Tuesday 26 August 2008

From Godfrey Smith

27 V 08
My dear Jane:
Even when we know the moment has to come, it’s impossible to imagine a world without Alan. I feel as if some enormous gusher of power, some inexplicable force of nature, had suddenly been turned off. Indeed, so strong was his imprint that I don’t really see him as gone at all: he’s still indelibly in my mind, and always will be. I remember those legendary days at Oxford, when he pedalled about the town with that famed beard already conjuring up the idea that some sage from outer space had arrived to shake us all out of our skulls.
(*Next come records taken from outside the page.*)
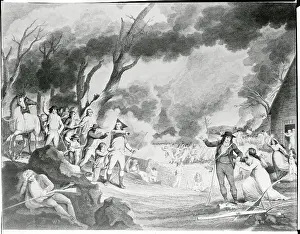 Lexington Prints: Illustration Depicting Battle of Lexington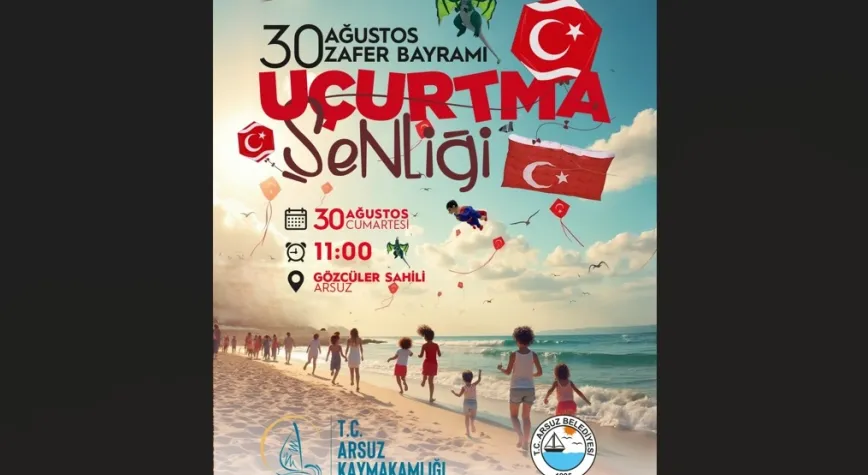 Arsuz'da 30 Ağustos Zafer Bayramı Kutlamaları Gökyüzüne Taşınıyor!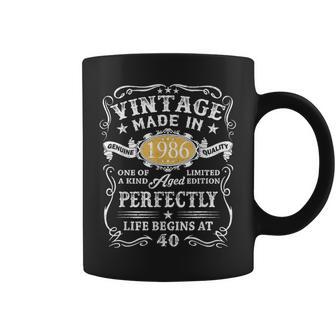 Vintage 1986 40 Años Cumpleaños Hombre Regalo Made In 1986 Taza de café - Regaloses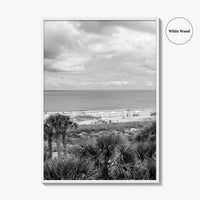 Fernandina Beach Black and White Fine Art Photo Print, Amelia Island Florida Coastal Poster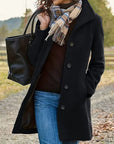 Women's Green Winter Coat warm lining feminine cut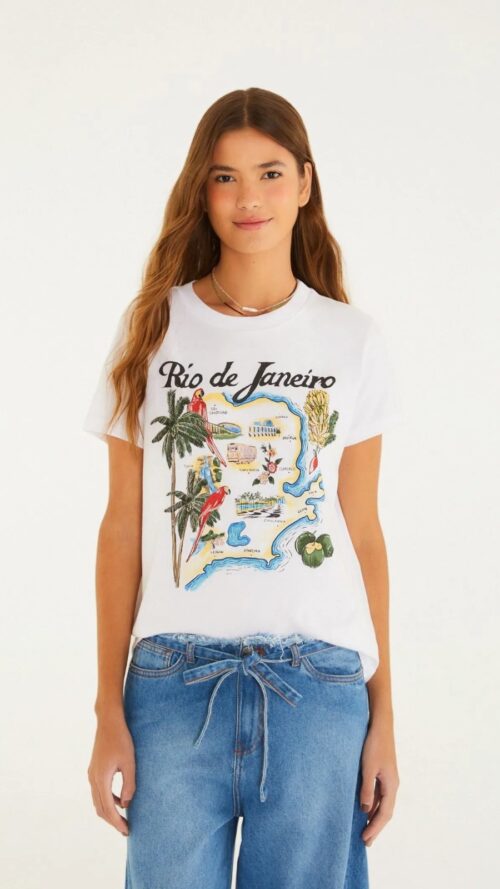 Tshirt Fit Mapa Farm Rio Off White Farm R:358710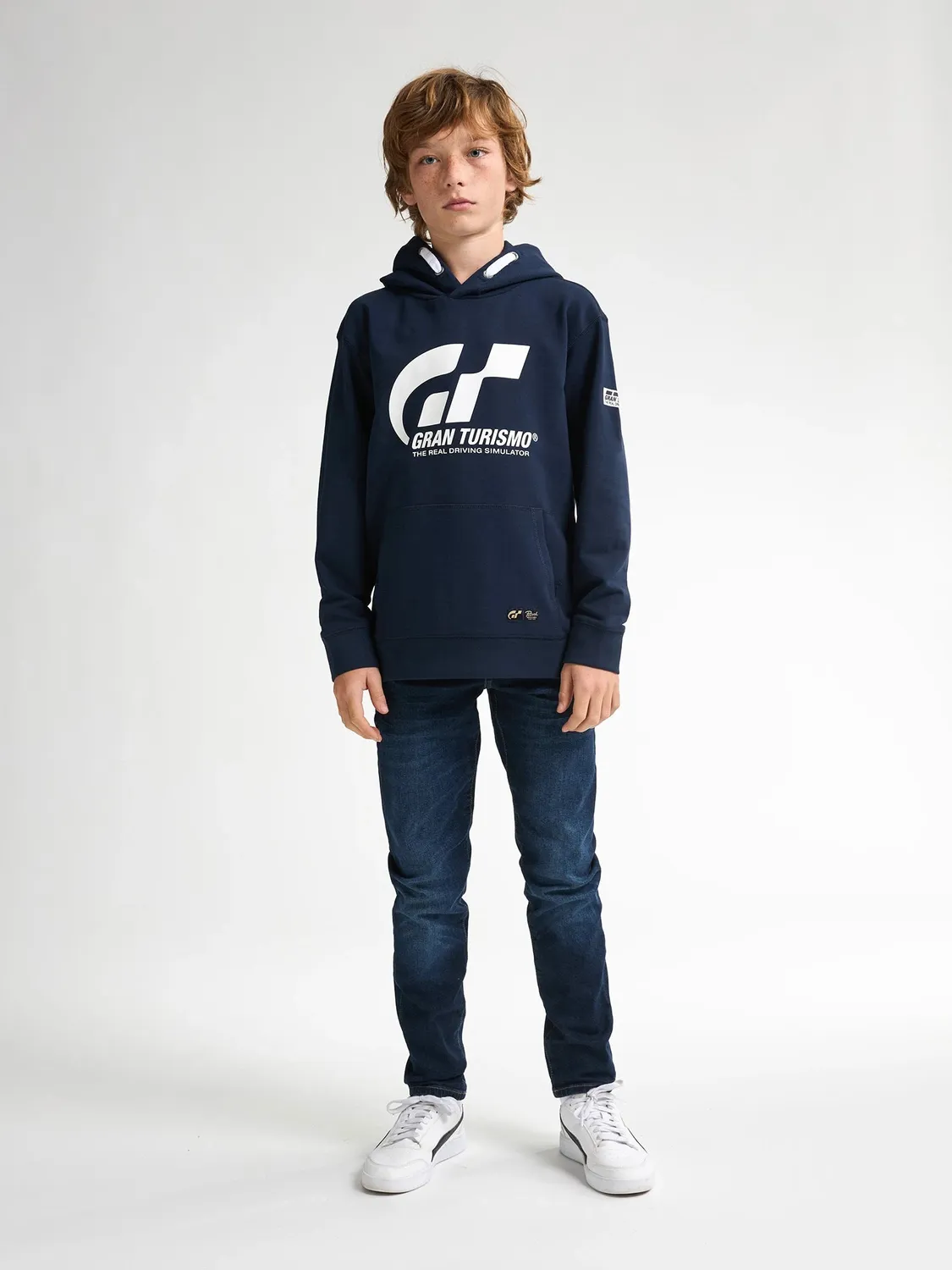 Petrol Industries Gran Turismo Torque drenge hoodie lynlås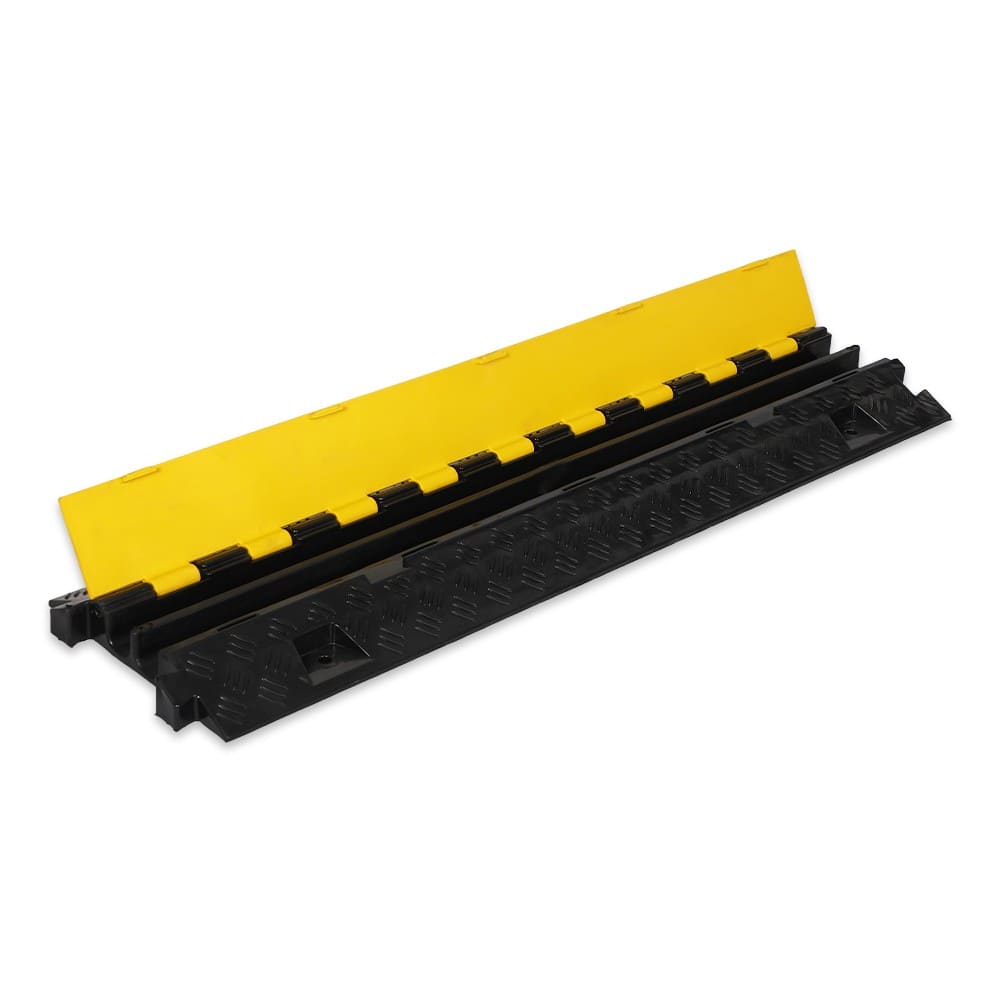 TradeForce - Rampe de protection de câble à 2 canaux ? Canaux de diamètre max. 32 mm
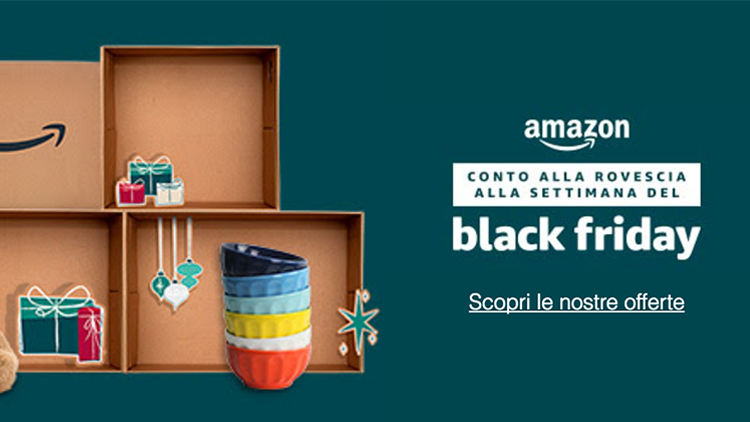 Black Friday Amazon: oltre 15.000 prodotti dal 20 al 40% di sconto [AGGIORNATO]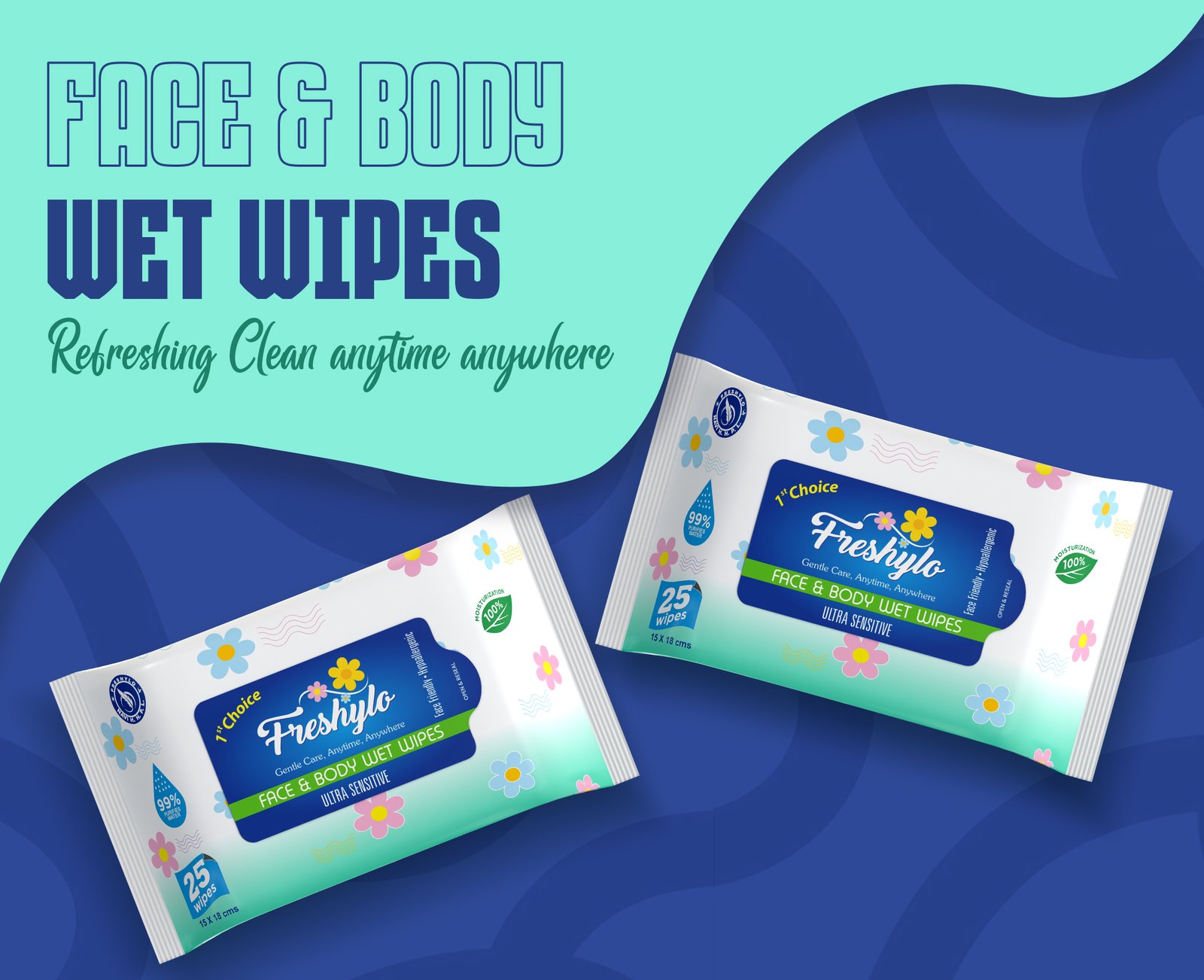 Face & Body Wipes Banner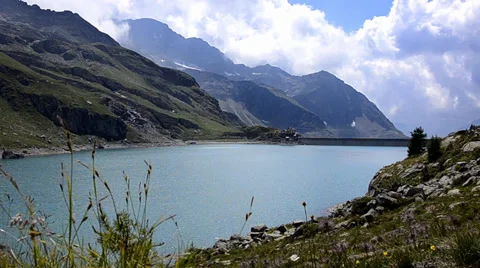 Hydroelectric reservoir Stock Footage 34351277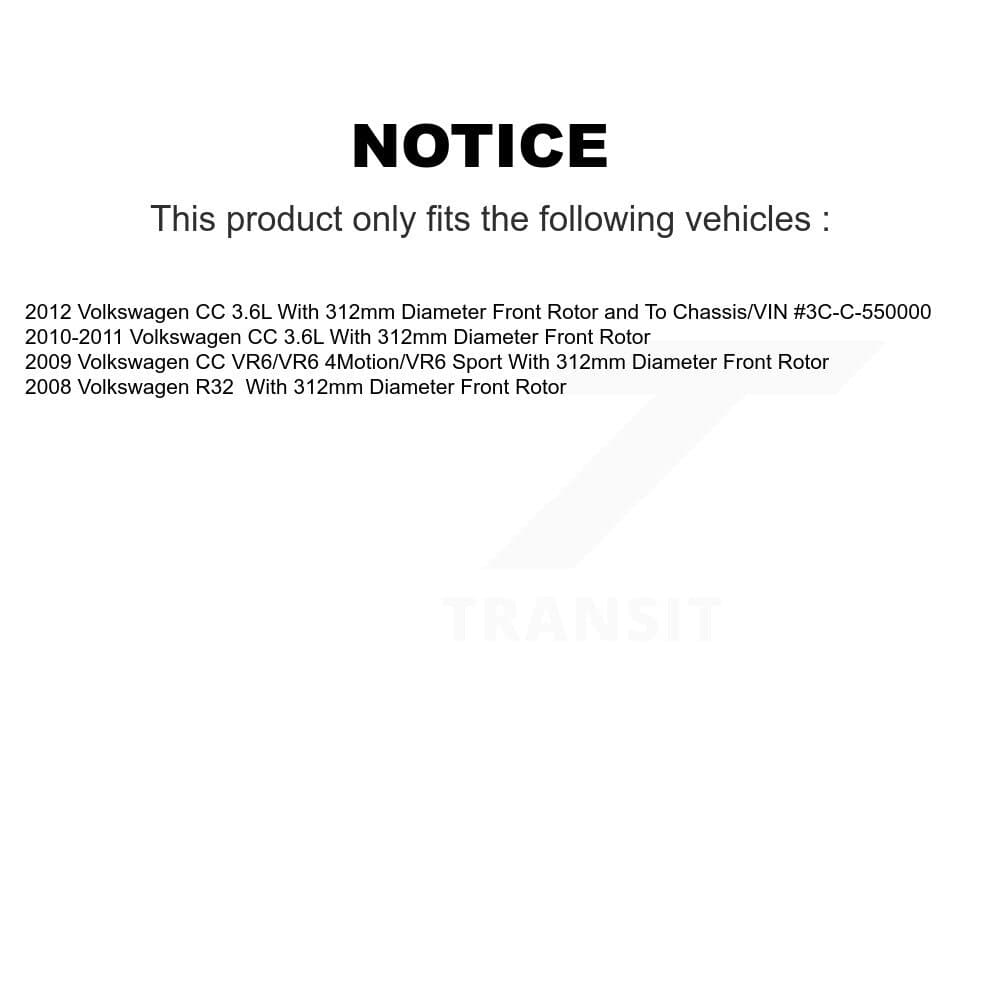 Transit Auto - KDF-101090 - Front and Rear Disc Brake Kits image 19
He was enormously articulate: the readiest man I ever met. He was one of those people who not only can spin a marvellous yarn, but was himself the source of endless anecdotes. All Oxford people think their own era was the best; but I think we knew it was. What luck we had! And then there were all those years in Fleet Street, when no gathering of great hacks was complete without Alan. I had the added good fortune to look after his copy during his spell as film critic of The Sunday Times; though to tell the truth, it seldom needed more than some par marks before it was sent to the printers. In retrospect, what an exhilarating team that was: Bernard Levin on theatre, Dennis Potter of television, Alan on cinema. But shake the kaleidoscope any way you like, during the half century in which he wrote like an avenging angel, Alan’s name glitters among all the rest - unmistakeable, irresistible, incomparable. And funny. Thank you, dear Jane, for all the loving care you gave the dear chap; it’s impossible to say much to help at some moments, but remember nothing can ever take away all those good times you had together, and all those memories. Let’s keep in touch. Warmest wishes.
Yours ever
Godfrey Smith

Saturday 16 August 2008

The Big Wheel

Henry Wadsworth Longfellow

"There are moments in life, when the heart is so full of emotion
That if by chance it be shaken, or into its depths like a pebble
Drops some careless word, it overflows, and its secret,
Spilt on the ground like water, can never be gathered together."